/vestiaire-search-assignment

Contains the assignment given for interview.

Primary LanguagePythonGNU General Public License v3.0GPL-3.0

This repository contains a sqlite FTS enabled search model to predict the category of a search query.

How to run ?

  1. Unzip/clone the repo.
  2. In your local terminal, go to the project root
  3. Create a conda env using make create_environment
  4. Activate the env using conda activate search
  5. Code can be executed using command line but the keywords indexing needs to be done everytime. So is better to use ipython in terminal.

Run the following code from the project root to run search:

>>> ipython
>>> from src.query import QueryToCategory
>>> q = QueryToCategory()
>>> q.search("black trouser")
>>> q.search("green armani")
>>> q.search("green arman")

Approach Taken

TLDR; My approach is build on the hypothesis that page views following a search query would share same category.
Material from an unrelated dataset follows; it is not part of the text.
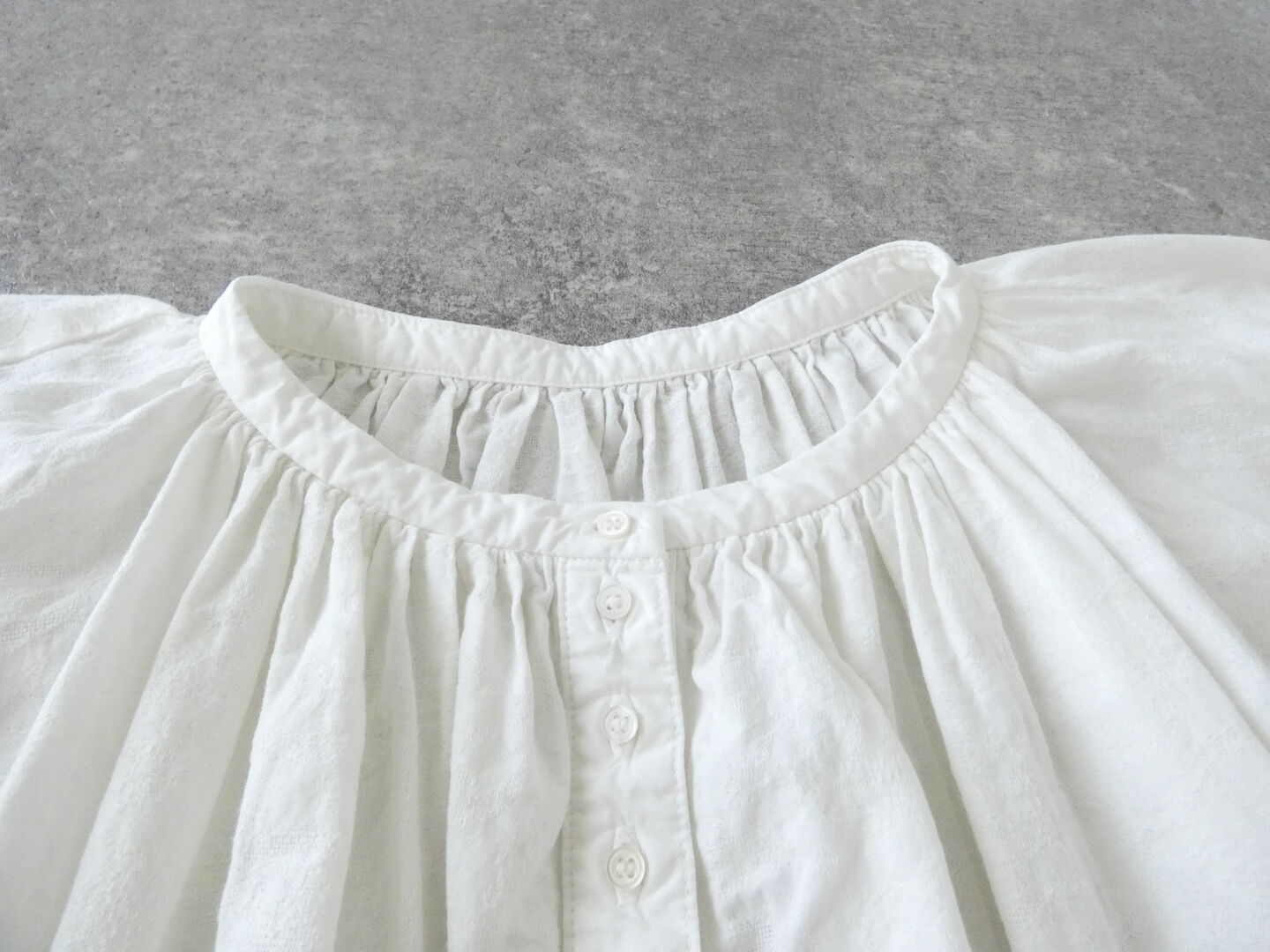 Gauze#(ガーゼ) アンティークジャガードチャーチスモックブラウスの商品画像30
For ex. if a user searches for 'shoes', chances are less immediate clicks will happen on bags. So there exists a signal in this sequential data.

Data set

  • The data set contains session level interaction of a user with search & product pages.
  • The immediate click sequence can leveraged to learn the similarity between a query and what category it belongs.
  • We drop the sessions with no clicks since it provides no signal.
  • We group search and immediate page views per session in one group. So, if one session has two search queries, it results in two groups.
  • Finally, we create a grouped list of keywords for each category. The list of keywords is a combination of search queries and product titles.

Model

  • We use sqlite FTS (Full text search) module to mock an in memory search engine.

Other possible options

This problem can be solved in other ways too, such as:

  • Using embeddings: We can generate embedding at word level or character level, then map the new query to the category of existing queries in our search logs using a similarity score.
  • Using neural network: Using search queries -> category as training data set, we build a network using softmax at the final layer which predicts the probability of a query belonging to a particular category. This approach provides us the flexibility of either learning the representations of the queries or using them from a pretrained model.